En termes de crédibilité politique, les défis politiques peuvent poser un problème au président américain, car réagir vivement et menacer d’envoyer des missiles peut entraîner Trump à promettre beaucoup, mais à ne pas faire grand-chose. Un « first strike » américain représente en effet un risque trop élevé et ne résoudra jamais totalement le problème coréen. Et que se passera-t-il si Kim Jong-Un tire des missiles non chargés en direction de l’île de Guam, située en eaux territoriales américaines ? Comment réagira le président Trump ? En revanche, si les missiles balistiques nord-coréens sont interceptés par les patriotes américains et/ ou le THAAD (Terminal High Altitude Area Defence ) plus récent positionné à Guam, cela peut signifier un triomphe pour Trump. Il se peut aussi que les Américains cachent un secret. Par exemple des armes aux lasers montés sur des satellites avec lesquelles ils vont étonner le monde ? Alors, on revient à la situation de la Première Guerre du Golfe (1990-91), quand le monde entier a découvert le système de guidage satellite des missiles qui montrait que la défense américaine avait au moins une décennie d’avance sur les autres.

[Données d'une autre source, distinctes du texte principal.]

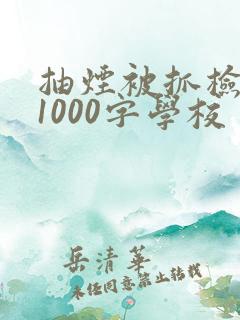 抽烟被抓检讨书1000字学校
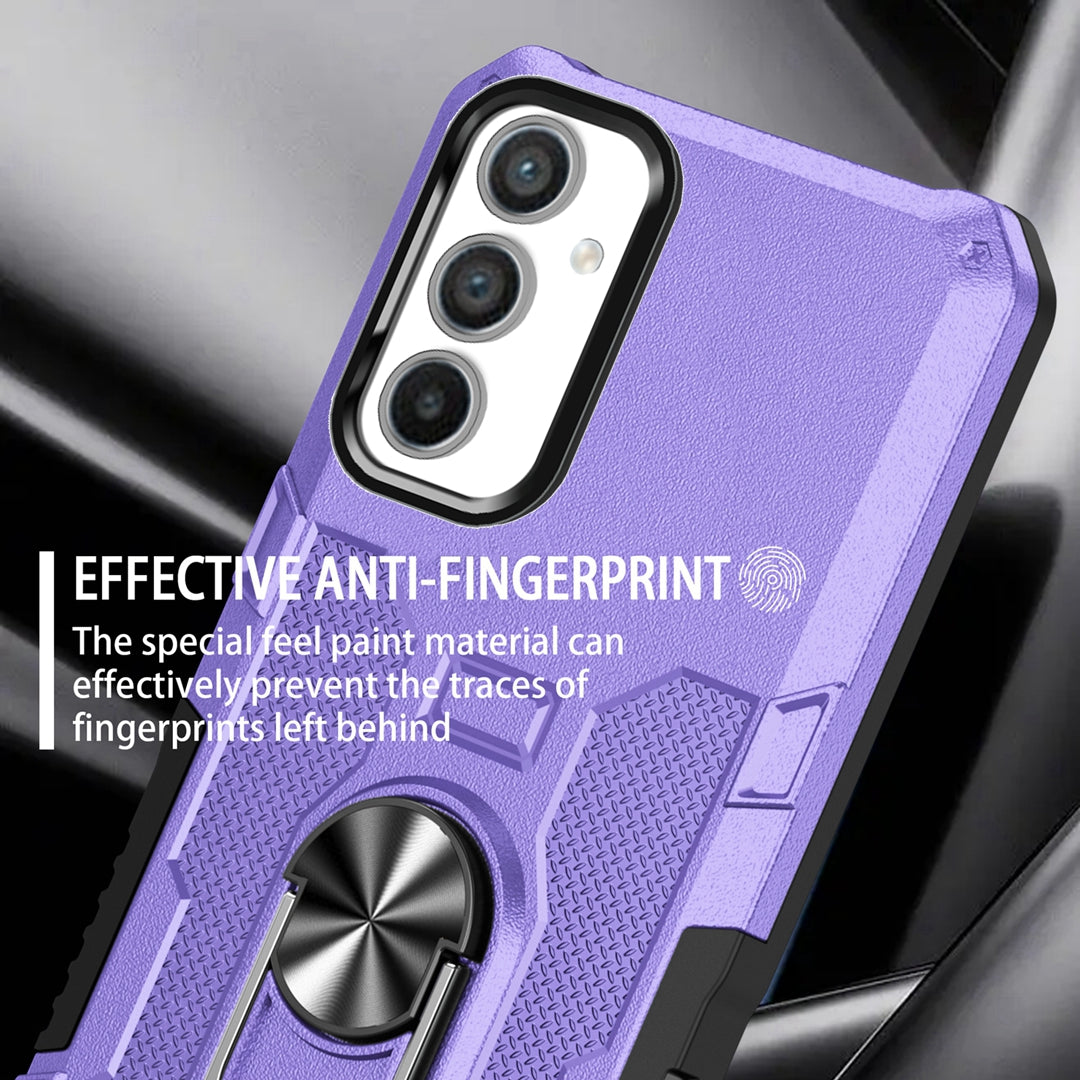 For Samsung Galaxy A34 5G PC + TPU Phone Case Rotation Ring Holder Kickstand Cover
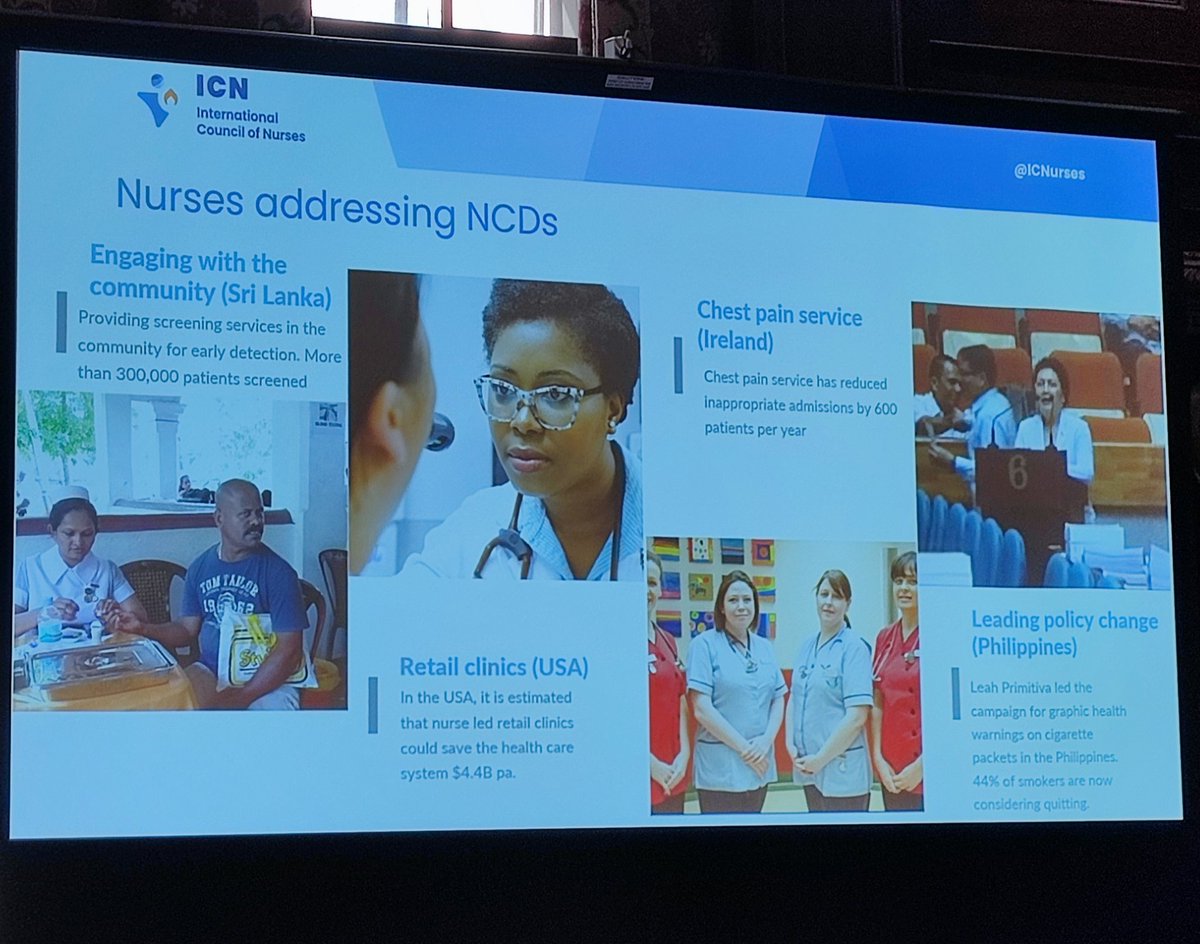 These are several examples of nurses' fabulous work from all over the world 🌎🌍 #Nurses4NCD 

And there are many more out there! 
#nurses #NurseTwitter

Dans les médias, on parle surtout d’une attaque possible sur le territoire américain de Guam. Celui-ci abrite une partie du ‘Pacific fleet ‘ de la marine américaine, une partie des bombardiers américains et une unité importante des ‘delta forces’. C’est pourquoi cette île est certainement une cible militaire. Mais si on trace un cercle sur la Corée du Nord et qu’on dessine un rayon de 3500 kilomètres, on voit que beaucoup de pays entrent en ligne de compte pour une attaque balistique depuis la Corée du Nord. Il n’y a donc pas que Guam qui est menacée.

L’Union européenne ne joue aucun rôle dans ce dossier, ce qui en dit long sur le poids diplomatico-militaire de l’Europe. Pas mal de pays européens sont contents que la région coréenne et le Pacifique ne fassent pas partie de la région de l’OTAN et espèrent rester un maximum en dehors du conflit. Il faut toutefois ajouter que la France, et dans une moindre mesure le Royaume-Uni, possèdent des territoires dans le Pacifique. Et que va faire l’Europe si ces régions sont impliquées dans le conflit ?

L’absence d’un nouvel ambassadeur américain en Corée du Sud et les querelles intestines politiques à Séoul ne sont guère favorables non plus à la politique diplomatique de Washington.

Pour l’instant, les conséquences économico-financières du dossier coréen sont très limitées. Le dollar américain baisse un peu par rapport à l’euro, mais c’est une bonne chose pour l’export américain. Le prix de l’or augmente aussi et c’est une nouvelle positive pour le ‘FRB’ (Federal Reserve Bank), qui possède la réserve d’or la plus importante du monde (8 130 tonnes). En outre, le prix du pétrole et du gaz augmente également en conséquence de crises internationales. Et la bourse américaine demeure à un niveau très élevé (Dow Jones: 21.800 points).

Au niveau du marketing politique, cette crise coréenne et les problèmes du régime tout aussi stalinien au Venezuela sont tout bénéfice pour Trump, car il arrive à se positionner comme leader capable de défendre les intérêts américains et de redorer le blason de la suprématie militaire américaine. Plusieurs pays voisins du Venezuela aimeraient y voir un changement de pouvoir. En outre, ce serait une mauvaise nouvelle pour les leaders communistes de La Havane. Le président Trump est moins désireux de l’ouverture envers Cuba que son prédécesseur le président Obama.

Conclusion

Le principal, c’est que ces dossiers étrangers détournent l’attention des querelles intérieures relatives aux Obama/ Trumpcare et les histoires interminables sur les ingérences russes lors des élections américaines. Il est certain que Moscou ou Pékin observent avec intérêt la façon dont le président Donald Trump gérera les dossiers internationaux.